[Exercise data — start]
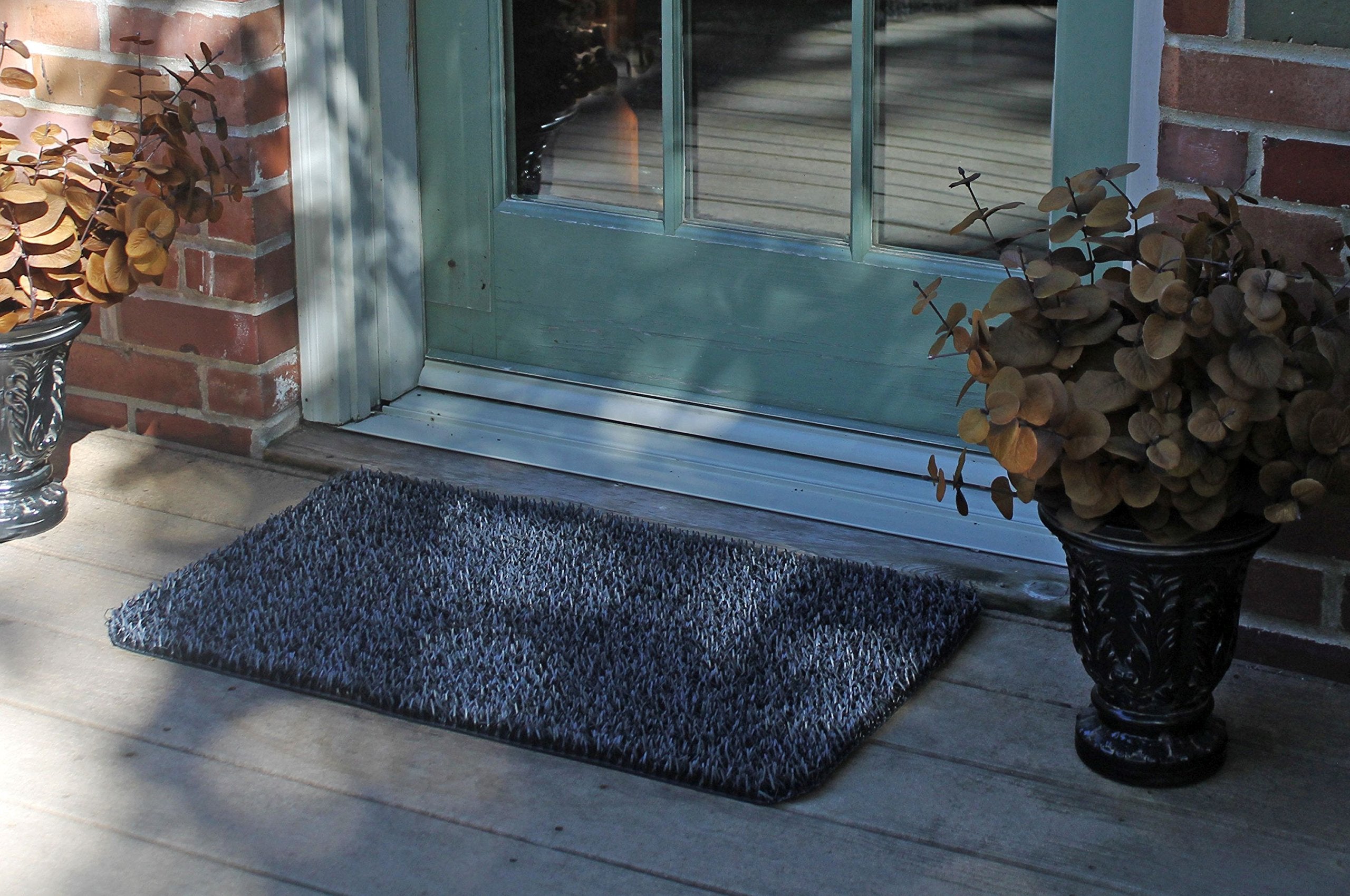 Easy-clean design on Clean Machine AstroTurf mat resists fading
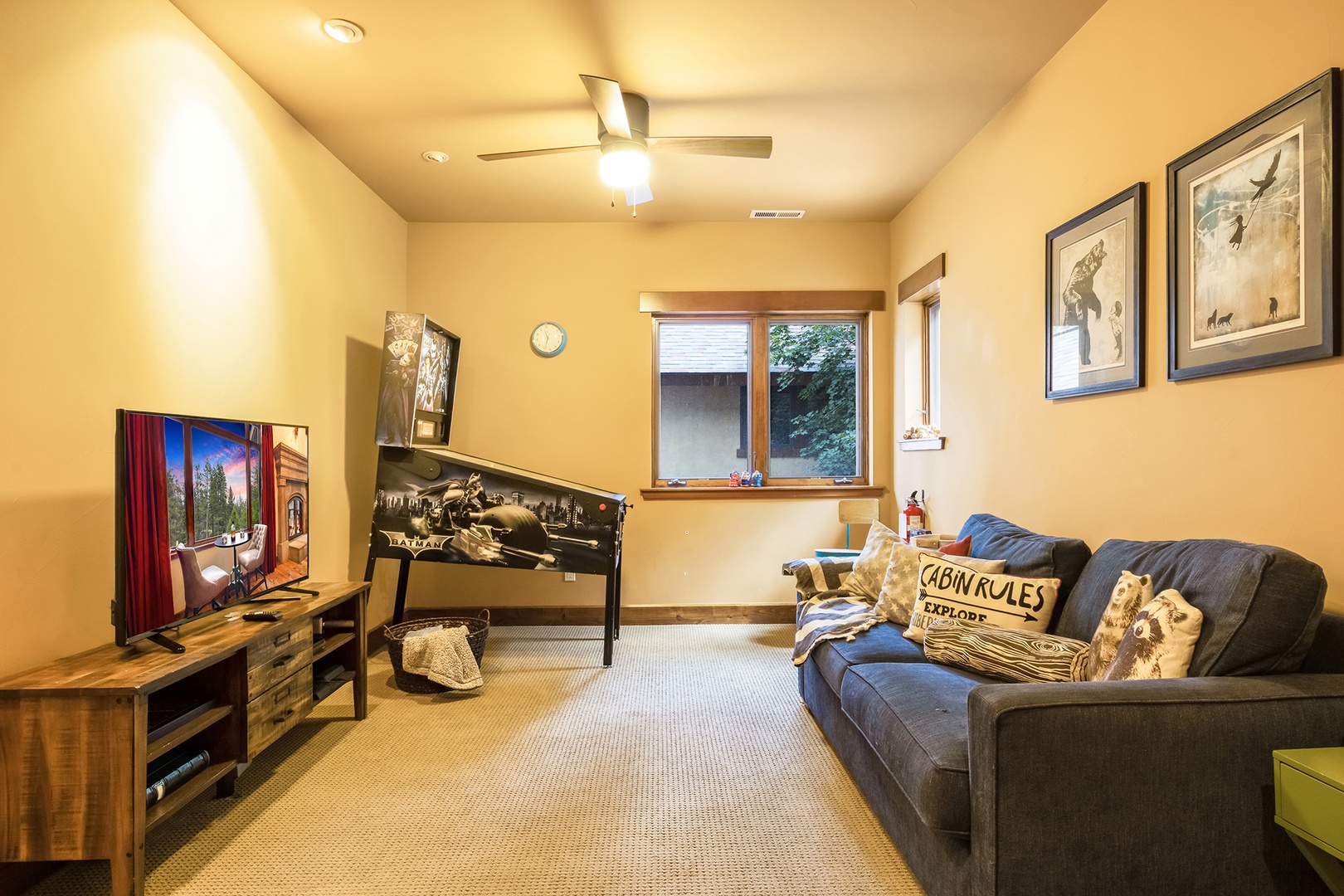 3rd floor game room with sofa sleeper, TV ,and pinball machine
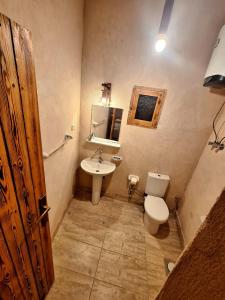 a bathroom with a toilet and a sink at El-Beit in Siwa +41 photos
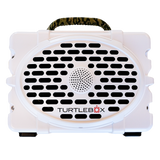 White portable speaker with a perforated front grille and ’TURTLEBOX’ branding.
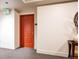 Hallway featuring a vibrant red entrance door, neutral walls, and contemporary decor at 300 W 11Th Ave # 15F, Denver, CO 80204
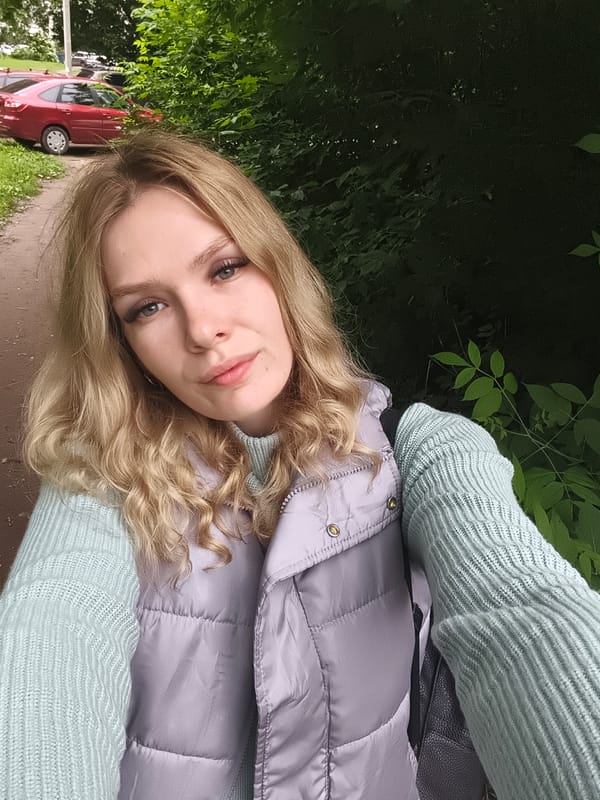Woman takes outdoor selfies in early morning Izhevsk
[Exercise data — finish]
[Exercise data — start]
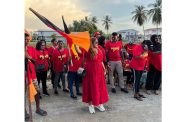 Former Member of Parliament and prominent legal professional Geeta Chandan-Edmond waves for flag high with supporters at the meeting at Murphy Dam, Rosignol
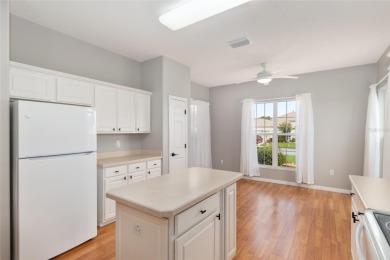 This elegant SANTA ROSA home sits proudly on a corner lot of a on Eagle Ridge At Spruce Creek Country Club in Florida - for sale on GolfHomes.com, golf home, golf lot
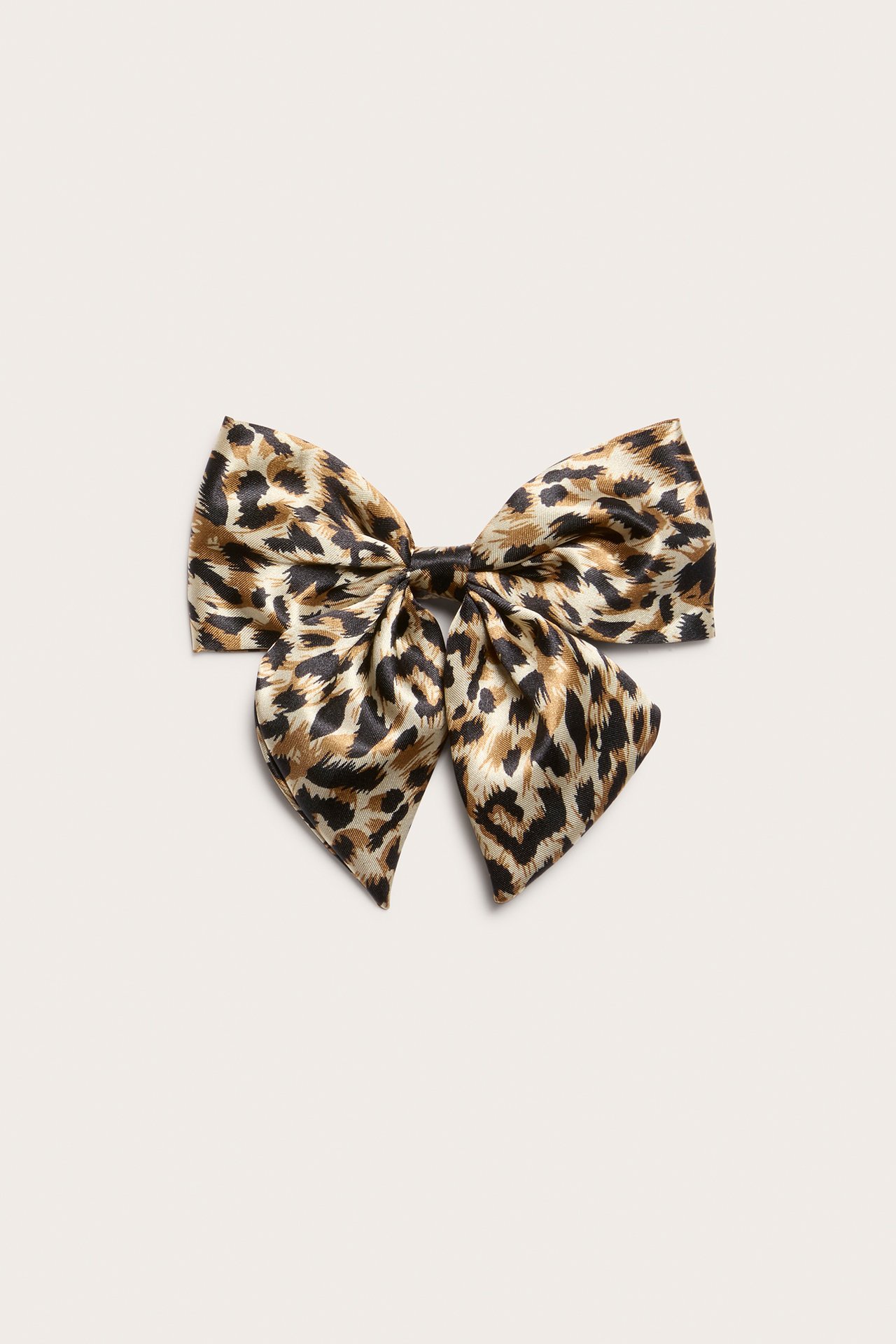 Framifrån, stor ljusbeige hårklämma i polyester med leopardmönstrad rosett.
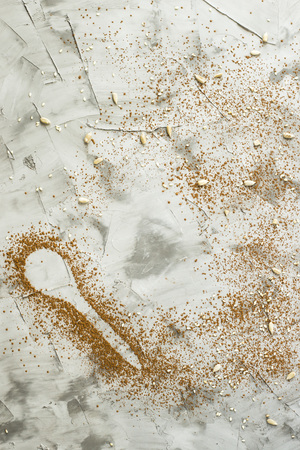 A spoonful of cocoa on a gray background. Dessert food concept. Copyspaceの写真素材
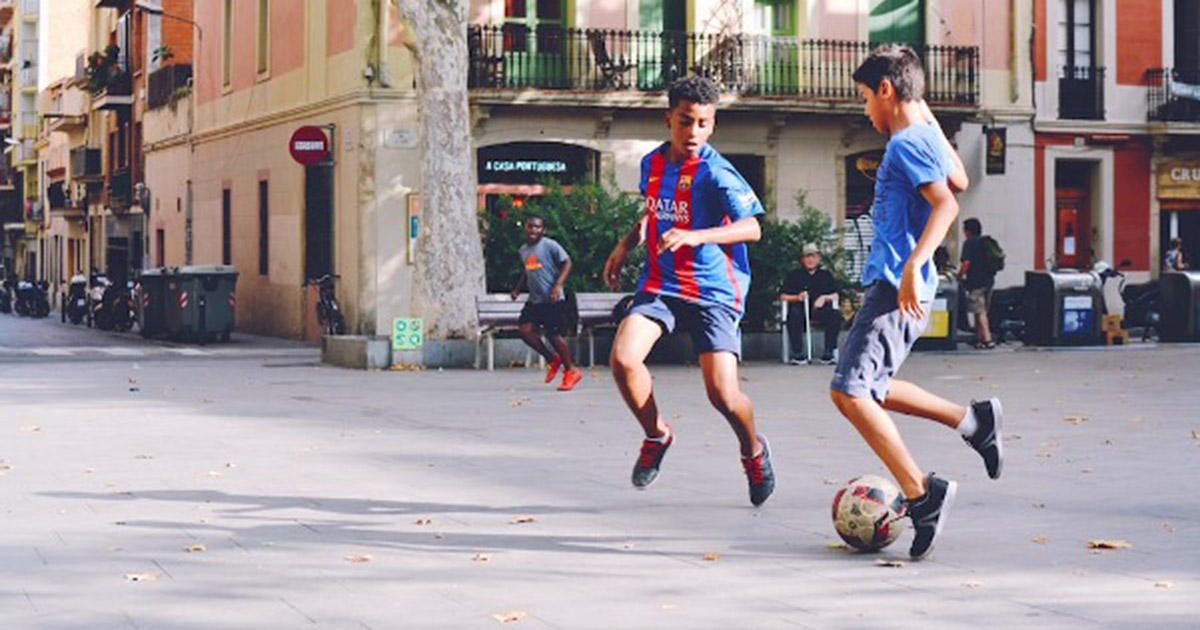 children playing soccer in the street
[Exercise data — finish]
## Work instructions
Because only one stretch of the records is wanted, please output the lines from the one holding "Easy-clean design on" through the one holding "Woman takes outdoor" exactly, both included, and leave every picture out.

## Completed exercise
 Easy-clean design on Clean Machine AstroTurf mat resists fading
 3rd floor game room with sofa sleeper, TV ,and pinball machine
 a bathroom with a toilet and a sink at El-Beit in Siwa +41 photos
 White portable speaker with a perforated front grille and ’TURTLEBOX’ branding.
 Hallway featuring a vibrant red entrance door, neutral walls, and contemporary decor at 300 W 11Th Ave # 15F, Denver, CO 80204
Woman takes outdoor selfies in early morning Izhevsk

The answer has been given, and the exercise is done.